If you purchase a device that is not automatically recognized by Windows then you face the quandary of trusting unknown third-party driver installation software or changing to a different hardware solution.

Such was the case with my own MPOW BH079A USB adapter purchase.  The adapter boasts a large number of great reviews and is compatible with many versions of Windows back to XP. Windows 10 did not, however, automatically detect and set up the device and I have a healthy distrust of driver CDs from lesser-known manufacturers.  To be fair, no MPOW reviewers cited any cases of malware but I still prefer to avoid software from lesser-known sources when possible.

Fortunately the adapter is basically just MPOW's casing wrapped around the trusty Broadcom BCM20702 Bluetooth single-chip solution which has been around for a decade.  Any official Broadcom BCM20702 Windows 10 driver should be all that is needed (e.g., the driver doesn't have to be from MPOW).

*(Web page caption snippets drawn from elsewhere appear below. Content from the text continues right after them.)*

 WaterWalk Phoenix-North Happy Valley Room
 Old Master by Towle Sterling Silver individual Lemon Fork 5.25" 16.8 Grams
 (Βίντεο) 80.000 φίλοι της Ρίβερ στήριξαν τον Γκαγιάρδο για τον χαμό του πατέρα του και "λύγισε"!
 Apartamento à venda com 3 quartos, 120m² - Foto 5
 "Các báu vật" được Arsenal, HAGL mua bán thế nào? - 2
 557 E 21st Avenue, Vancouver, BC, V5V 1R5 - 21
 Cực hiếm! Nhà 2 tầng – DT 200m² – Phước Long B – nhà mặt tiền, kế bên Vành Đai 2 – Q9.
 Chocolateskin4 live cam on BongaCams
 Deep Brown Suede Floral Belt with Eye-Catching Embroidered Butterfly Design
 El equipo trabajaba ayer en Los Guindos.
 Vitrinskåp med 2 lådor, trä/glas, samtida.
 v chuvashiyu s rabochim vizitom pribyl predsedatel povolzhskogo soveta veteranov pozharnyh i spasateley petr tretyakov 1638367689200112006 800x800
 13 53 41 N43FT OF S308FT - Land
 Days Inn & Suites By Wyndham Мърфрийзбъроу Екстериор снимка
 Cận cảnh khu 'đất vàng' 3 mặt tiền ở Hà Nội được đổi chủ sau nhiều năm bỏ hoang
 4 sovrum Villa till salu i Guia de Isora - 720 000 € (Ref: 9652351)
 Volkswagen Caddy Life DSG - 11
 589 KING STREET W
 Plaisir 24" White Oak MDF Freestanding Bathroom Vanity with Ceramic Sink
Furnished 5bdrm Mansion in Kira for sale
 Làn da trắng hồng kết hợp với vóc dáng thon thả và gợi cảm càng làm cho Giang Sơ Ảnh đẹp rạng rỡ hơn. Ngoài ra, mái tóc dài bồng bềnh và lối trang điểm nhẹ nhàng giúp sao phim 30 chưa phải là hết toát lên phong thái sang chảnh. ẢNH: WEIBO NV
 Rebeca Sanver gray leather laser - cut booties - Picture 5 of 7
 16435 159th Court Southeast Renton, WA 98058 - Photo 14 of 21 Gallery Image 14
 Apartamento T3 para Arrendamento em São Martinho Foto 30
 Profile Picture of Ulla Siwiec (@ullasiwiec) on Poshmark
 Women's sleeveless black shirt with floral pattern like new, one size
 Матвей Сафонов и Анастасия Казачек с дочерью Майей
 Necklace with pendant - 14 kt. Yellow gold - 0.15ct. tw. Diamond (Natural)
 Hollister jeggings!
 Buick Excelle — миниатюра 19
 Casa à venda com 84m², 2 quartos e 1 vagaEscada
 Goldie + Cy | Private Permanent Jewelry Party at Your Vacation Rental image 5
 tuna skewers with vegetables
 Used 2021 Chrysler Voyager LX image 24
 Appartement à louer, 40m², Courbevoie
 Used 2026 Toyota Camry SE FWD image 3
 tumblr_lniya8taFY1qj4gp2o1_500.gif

Although my MPOW USB dongle is being used on a home-built PC, I went with a Hewlett Packard (HP)-supplied Broadcom BCM20702 Win10 driver (circa 2017):



Install the driver then insert the USB dongle and it should be activated automatically -- no need to turn it on in Windows settings.  If you already had the USB adapter plugged in when installing the driver you may need to remove and then reinsert the adapter.

Cheers!

2 comments:

  1. I just went through all kinds of heck with the MPOW H12 Bluetooth headset. It switches between a headphones device and a headset device, the latter of which kicks in whenever a program uses the microphone.

    #1: The quality drops to garbage as soon as it switches to headset

    #2: The headset will kinda brute force access to the microphone. I was playing a game with the voice chat disabled and the MPOW device would immediately start using the microphone and I could not shut it off except by exiting the app.

    Disabling bluetooth telephony fixes these issues.

    I don't know if it is just garbage drivers that inadvertently break your sound device manager, or if it is actual malware. I started googling "MPOW malware" and that's how I found your post.

    I'm not tech savvy enough to delve further, but thought I would share. It certainly wouldn't surprise me if these cheapo manufacturers were listening to you and data mining you like phone apps used to try and do.

    ReplyDelete
    Replies
    1. Thanks for sharing your experience with an MPOW Bluetooth headset. I can't tell from your comments if you also used MPOW-supplied Windows drivers or if you just let Windows automatically do its own thing.

      If you tried using MPOW-supplied drivers:
      Although not proof-positive of subpar (or perhaps even purposefully nefarious) Windows drivers, your experience certainly reinforces the idea of making a "best practice" of sticking to trusted sources for all software including hardware drivers.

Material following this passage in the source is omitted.